Bugaboo Butterfly vs Silver Cross Clic: Is the Upgrade Worth It? (2026)
By BabyTravel UK Editorial Team · Last updated July 2026
The Clic costs roughly two thirds of what the Butterfly does. We look at whether the Butterfly's extra £140 or so actually buys you a better pushchair.
The Silver Cross Clic has quietly become one of the most popular budget cabin strollers on the market, and it's easy to see why: it self-stands when folded, it's genuinely light, and it costs around £295 for the current Clic 2. The Bugaboo Butterfly sits higher up the price scale, at around £435. That's a real gap, but not the huge one it's sometimes made out to be.
So is the Butterfly worth the extra £140 or so, or is the Clic doing most of the job for noticeably less outlay? We've put the specs and the real-world experience side by side to answer that properly. For a wider comparison of the Clic against another compact rival, see our Silver Cross Clic vs Cybex Libelle guide.
Quick Verdict
- 🛒 Bugaboo Butterfly: Our pick if you'll use it as a daily pushchair as well as for travel, or if you fly often. The basket is much bigger, the fold is smoother, the suspension copes with real pavements, and it's genuinely cabin approved.
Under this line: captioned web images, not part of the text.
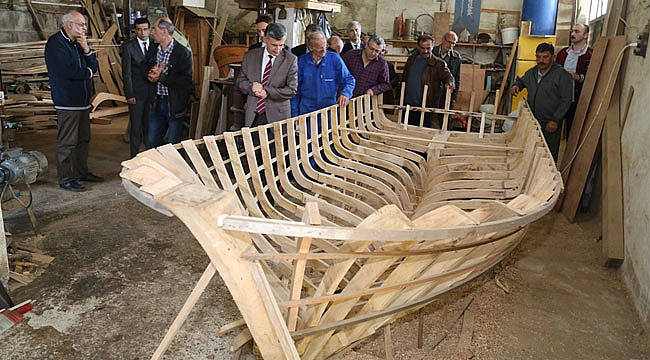 Rize'de ahşap tekne imalatı devam ediyor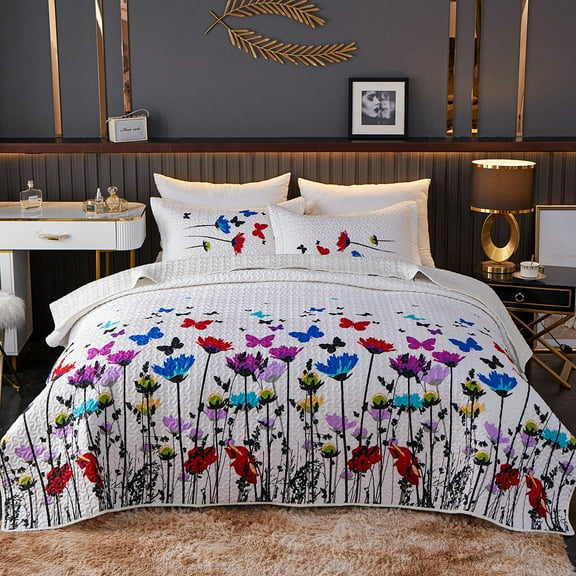 Floral Queen Quilt Set - Lily Pattern Soft Lightweight Bedspread 3-Piece for All Season (1 Quilt, 2 Pillow Shams)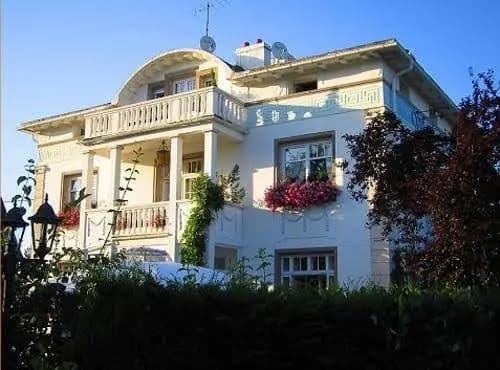 Hotel Restaurant Villa Katz - Photo 1
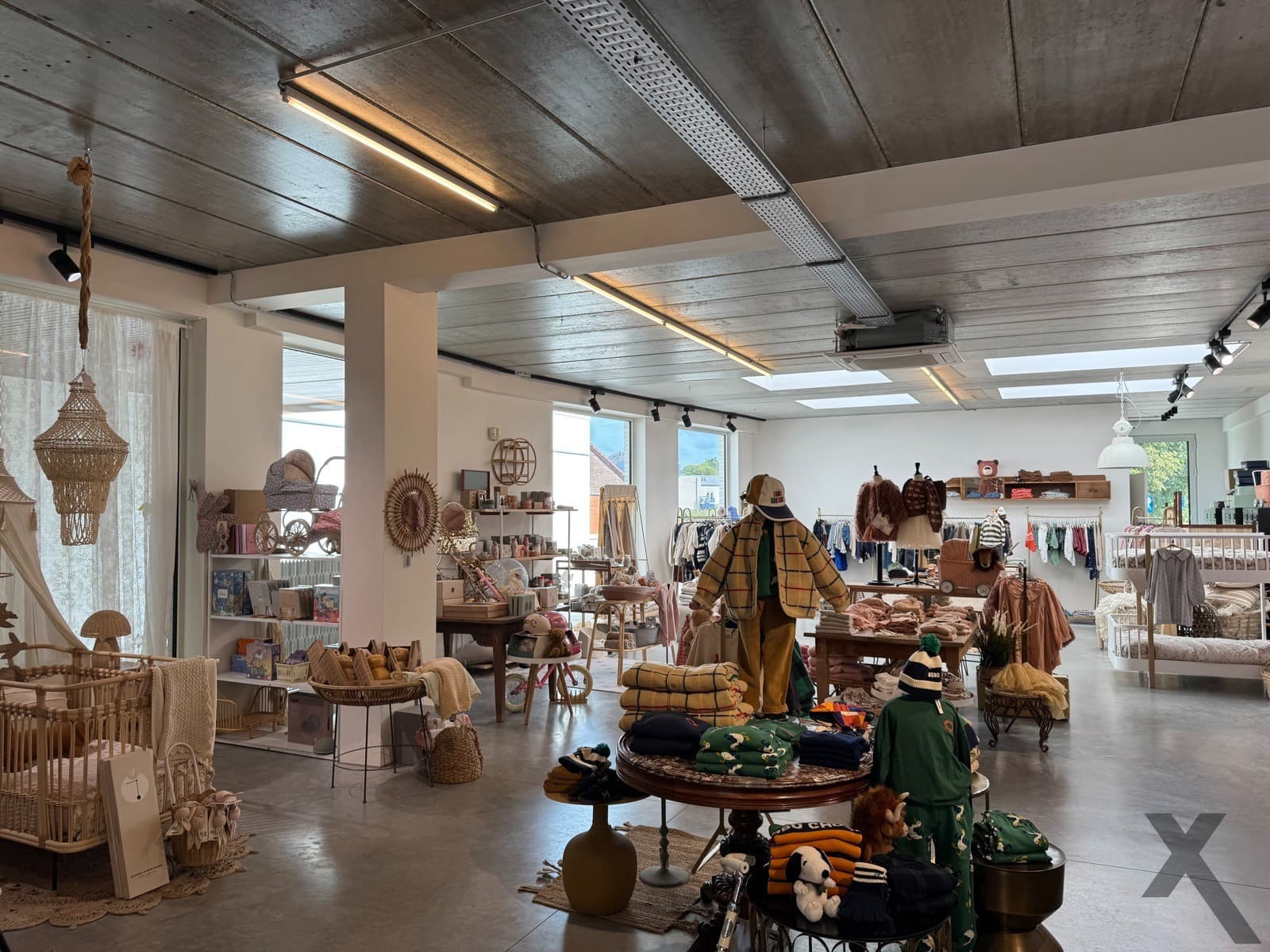 Uniek, instapklaar commercieel pand op toplocatie Schilde! — foto 10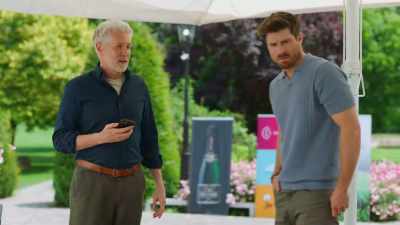 I'm going to go inside and
call Laszlo and ask about Zuki. - Love on the Right Course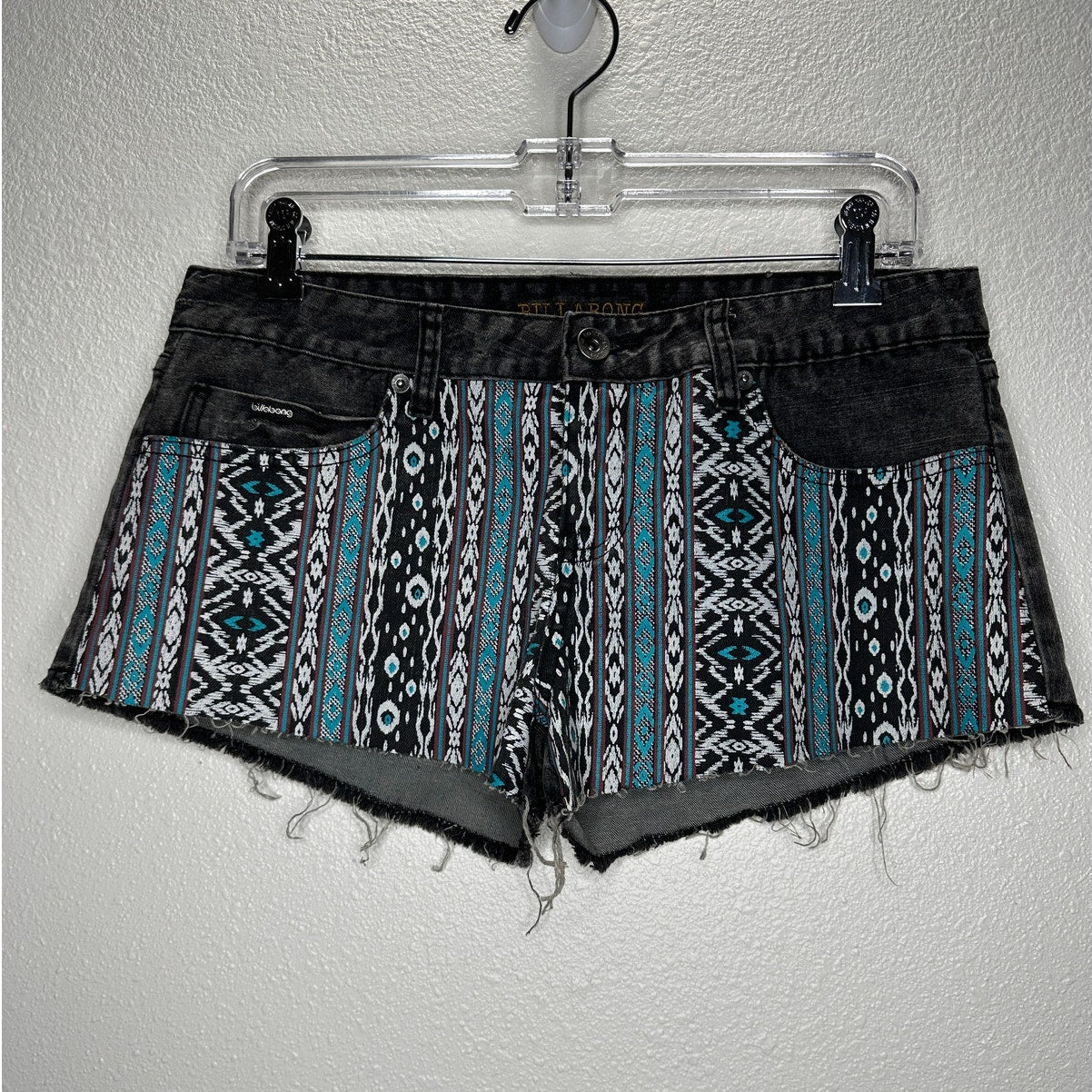 Billabong Gray White Teal Aztec Print Raw Hem Lovin Life Shorts 9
Best for: frequent travellers and daily use.
- ✈️ Silver Cross Clic: A genuinely impressive budget cabin stroller that does most of what the Butterfly does for noticeably less money, though it's not cabin approved on the current model. Best for: occasional flyers who don't mind gate checking, and families on a tighter budget.
- 💷 The Clic 2 is around £295, the Butterfly around £435, a gap of roughly £140. For more options across every budget, see our best travel stroller roundup.
Specs at a Glance
| Spec | Bugaboo Butterfly | Silver Cross Clic |
|---|---|---|
| Weight | 7.3kg | 6.5kg |
| Folded dimensions | 44.8 x 24.5 x 55.5cm | 54 x 46.5 x 25cm |
| Unfolded dimensions | 44.8 x 94.5 x 102.8cm (handlebar 102.8cm) | 82 x 46.5 x 105cm |
| Seat recline | Near-flat (excellent) | Lie-flat, multi-position |
| Max child weight | 22kg | 22kg |
| From birth | With the car seat or Bugaboo baby nest only (the seat itself is from around 6 months) | Yes, lie-flat seat from birth |
| Basket capacity | 8kg (very large, best in class) | 5kg |
| Price (approx.) | Around £435 | Around £295 |
| Airline cabin size | Folds within most airline cabin limits; passes most carriers (verify per airline) | Not IATA cabin approved (gate-check for flights) |
Important for flyers: the current Silver Cross Clic 2 is not IATA cabin approved, so most airlines will require you to gate-check or hold-check it. The Bugaboo Butterfly folds within most cabin limits. If you fly regularly, this is a major point in the Butterfly's favour.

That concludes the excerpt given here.